The question jolted him. He hadn't thought about it deeply. Not once.
The vessels—the foretold harbingers of ruin, said to bring devastation upon the world. Yet in truth, they were still harmless, or at least no threat had yet been proven. And the knights, sworn to the greater good, yet driven to zealotry, eradicating any who bore the mark of prophecy.
It was a flawed cycle. A flawed faith. A flawed belief in the absoluteness of the Proclamation. Intense fanaticism clothed as divine duty. That was the true enemy.
Still, he had to answer.
"I don't know," he admitted with a shrug, his tone simple. Then, after a pause, he added, "There is no right and wrong. Only a flawed system, where all perspectives are forced into two sides. Enclosed within a box designed by whoever first proclaimed the prophecy. A box we now revere as divine."
Tiffany's gaze shifted. For once, he caught her looking sidelong at him, her eyes glimmering faintly in the dusk.
"Oh. That was unique. Unexpected, coming from a lecher... but brilliant nonetheless."

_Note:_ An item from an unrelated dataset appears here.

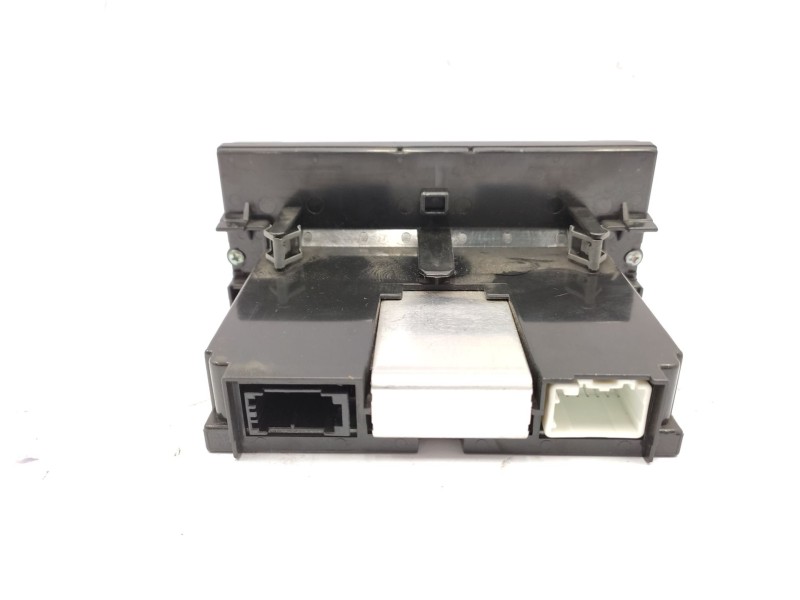 Pantalla Multifuncion 30775261  - Volvo S40 Ii (544) 2.4 4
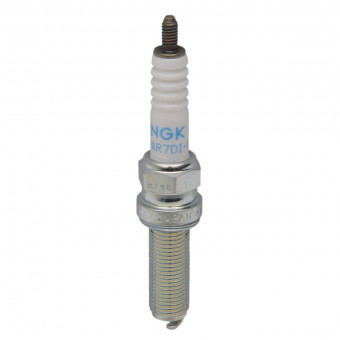 Candela NGK LMAR7DI-10 Iridium Candela NGK LMAR7DI-10 Iridium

His jaw twitched. A compliment buried in insult. Beautifully crafted. Infuriating. Yet her eyes were turned to the sunset now, and in them he saw something beyond indifference. Awe. And maybe, just maybe, sorrow.
She looked beautiful like that.
Too beautiful.
"Tell me, Xiall..."
His heart stopped when she spoke his name. He turned. She was staring directly at him now, her eyes boring into his. For a heartbeat, her indifference melted into raw ferocity, or perhaps curiosity.
"If you happened to be a vessel... a bearer, as they say... what would you do? Would you fight back? Or would you hide?"
The question short-circuited his brain. His lips parted, his tongue dry. And the only answer he could summon was the dumbest of all.
"Huh?"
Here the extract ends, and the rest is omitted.